>>
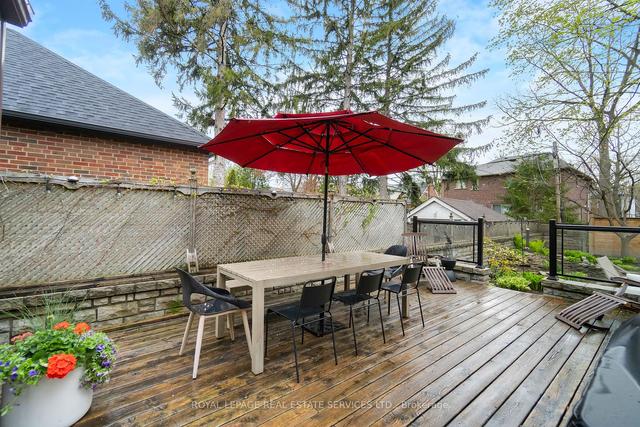 909 Royal York Rd, House detached with 3 bedrooms, 3 bathrooms and 5 parking in Toronto ON | Image 27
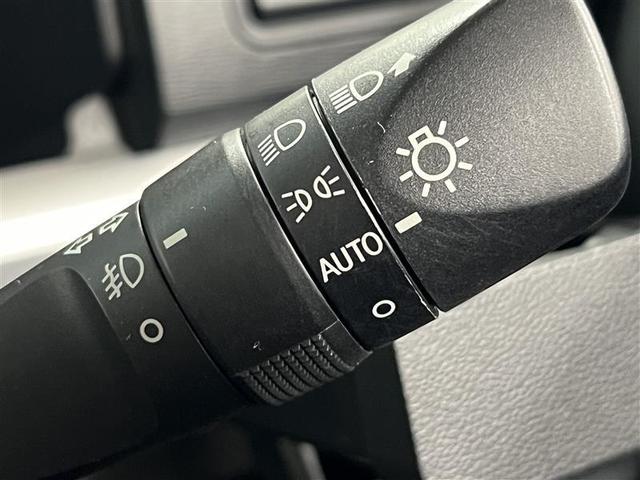 タント カスタムX トップエディションSAII DVD再生可能 ETC装備 衝突軽減システム セキュリティ 定期点検記録簿 Bモニター LEDヘッドライト フルセグテレビ キーフリーシステム パワーステアリング ナビTV 横滑り防止 スマートキー(11枚目)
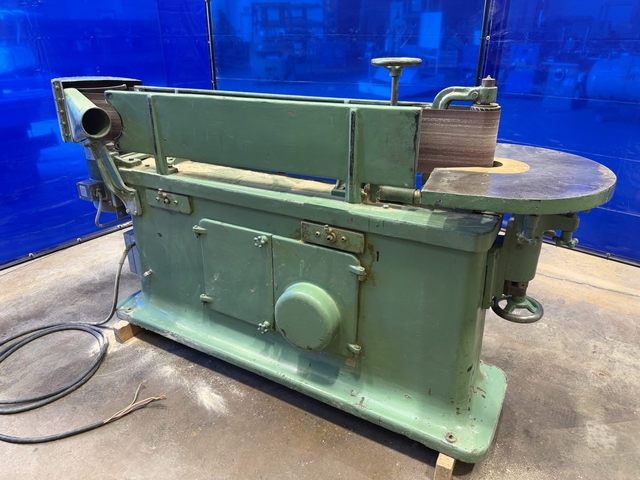 Ekstrom Carlson #112, Oscillating Edge Sander, 11" x 60" table, 58" x 9" platen, 5 HP, 220/440 V., 3 Ph. - Image 9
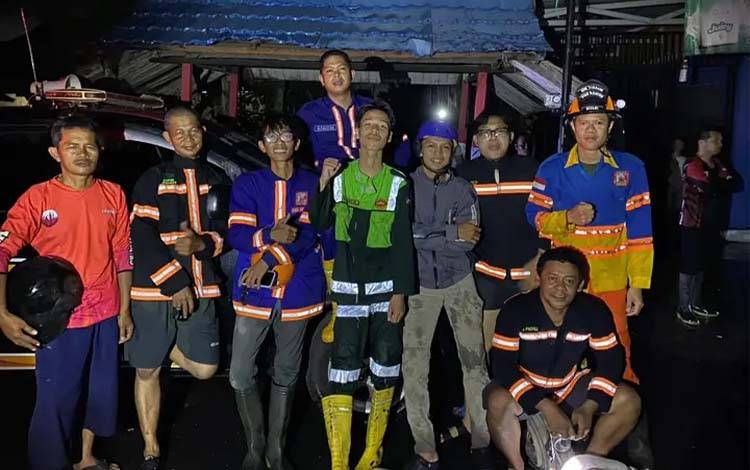 Melihat Teladan Guru Zuhdi, Pemuda Kapuas ini Memilih Jalan Pengabdian di Balik Kemudi Ambulans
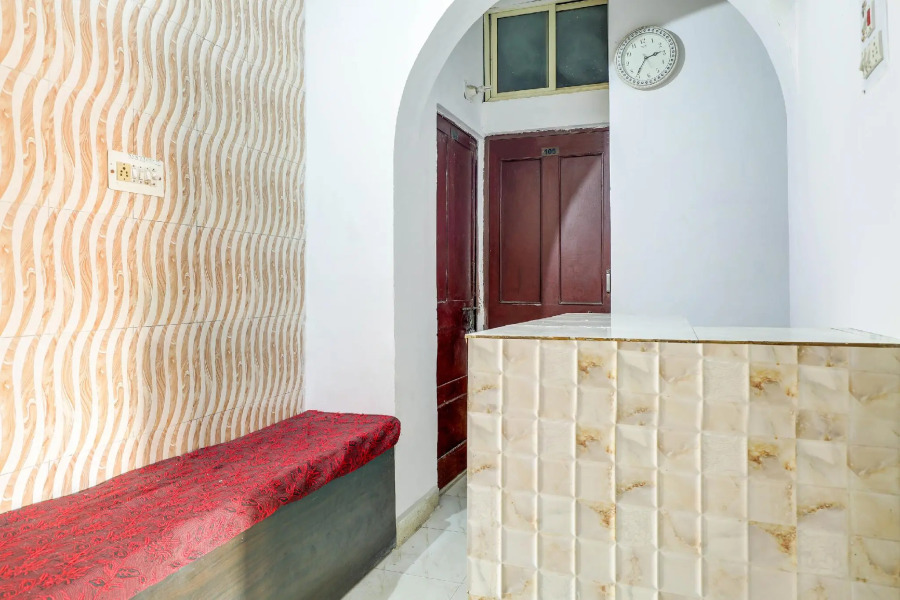 OYO 71701 Shri Balaji Hotel And Lodging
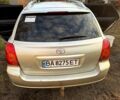 Серый Тойота Авенсис, объемом двигателя 1.8 л и пробегом 289 тыс. км за 5000 $, фото 1 на Automoto.ua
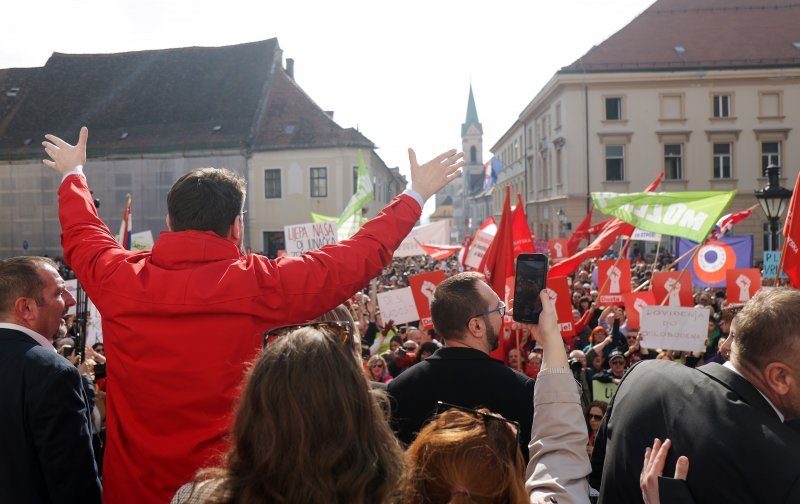 Čelnici stranaka koje su organizirale prosvjed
<<
■ Task to complete ■
All lines from the one holding "Серый Тойота Авенсис, объемом" through the last line of the material above should be set down exactly, and the pictures should be left out.

■ Expected output ■
 Серый Тойота Авенсис, объемом двигателя 1.8 л и пробегом 289 тыс. км за 5000 $, фото 1 на Automoto.ua
 Čelnici stranaka koje su organizirale prosvjed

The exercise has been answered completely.